3lb 9oz horseshoe stake at 7 feet pointy end. Conical dent with X shaped cracks in the dent
(I do not know what weight S-glass I used, something lightweight)

P3170015 by Mike McCrea, on Flickr

#6, Kevlar tape under layer, Dynel, graphite powder and black pigment, peel ply compression
9 oz rebar at 6 and 7 foot drop height. Scuff
1lb 4oz rebar at 6 feet. Scuff
1lb 4oz rebar at 7 feet. Slight dent, no cracks emanating
3lb 9oz horseshoe stake at 6 feet (blunt end). Semi circle crack broken, no other cracks emanating
3lb 9oz horseshoe stake at 7 feet pointy end. Shallow conical dent with small X shaped cracks in the dent
(We dropped the horseshoe stake several times to assure we had hit the 1.5” wide kevlar tape below)

P3170017 by Mike McCrea, on Flickr

#7, E-glass under layer, Dynel, graphite powder and black pigment, peel ply compression
9 oz rebar at 6 and 7 foot drop height. Scuff
1lb 4oz rebar at 6 feet.

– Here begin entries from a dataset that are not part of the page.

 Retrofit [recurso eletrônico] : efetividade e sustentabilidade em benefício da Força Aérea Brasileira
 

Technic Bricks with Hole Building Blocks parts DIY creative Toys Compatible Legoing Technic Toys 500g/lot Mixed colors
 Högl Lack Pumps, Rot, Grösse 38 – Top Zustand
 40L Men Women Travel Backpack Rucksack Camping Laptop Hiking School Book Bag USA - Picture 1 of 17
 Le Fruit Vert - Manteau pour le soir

Scuff
1lb 4oz rebar at 7 feet. Small dent
3lb 9oz horseshoe stake at 6 feet (blunt end). Semi circle crack broken, no other cracks emanating
3lb 9oz horseshoe stake at 7 feet pointy end. Conical depression, not broken through, no cracks
(It’s hard to tell apart from the epoxy pock marks, but that ancient E-glass did surprisingly well. Better than the S-glass. It was a heavier weight material than the S-glass)

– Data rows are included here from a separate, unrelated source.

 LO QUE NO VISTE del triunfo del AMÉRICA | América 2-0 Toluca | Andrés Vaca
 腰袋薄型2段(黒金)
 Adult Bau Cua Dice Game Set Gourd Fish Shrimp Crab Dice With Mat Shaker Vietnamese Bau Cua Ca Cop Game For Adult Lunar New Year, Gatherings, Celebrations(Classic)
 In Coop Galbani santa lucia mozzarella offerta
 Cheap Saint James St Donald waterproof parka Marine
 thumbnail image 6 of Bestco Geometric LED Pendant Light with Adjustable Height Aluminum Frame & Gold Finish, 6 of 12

P3170018 by Mike McCrea, on Flickr

#8, Single layer Dynel, graphite powder and black pigment, peel ply compression
9 oz rebar at 6 and 7 foot drop height. Scuff.
1lb 4oz rebar at 6 feet. Scuff
1lb 4oz rebar at 7 feet. Small dent.
3lb 9oz horseshoe stake at 6 feet (blunt end). Near full circle (almost broken free) crack and dent
3lb 9oz horseshoe stake at 7 feet pointy end. Conical depression, small hole dead center.

#9 and 10, Kevlar felt with red and blue color agent pigments, done simply to verify that even kevlar felt skid plates need not be as fugly. Not a valid test; I cut the peel ply covering squares too small and they remained unpeelably epoxied atop the felt, which provided an additional impact layer. On the downside I used no G/flex in the epoxy mix. None the less, both felt patches dented and cracked, staring with the 1lb 4oz bar.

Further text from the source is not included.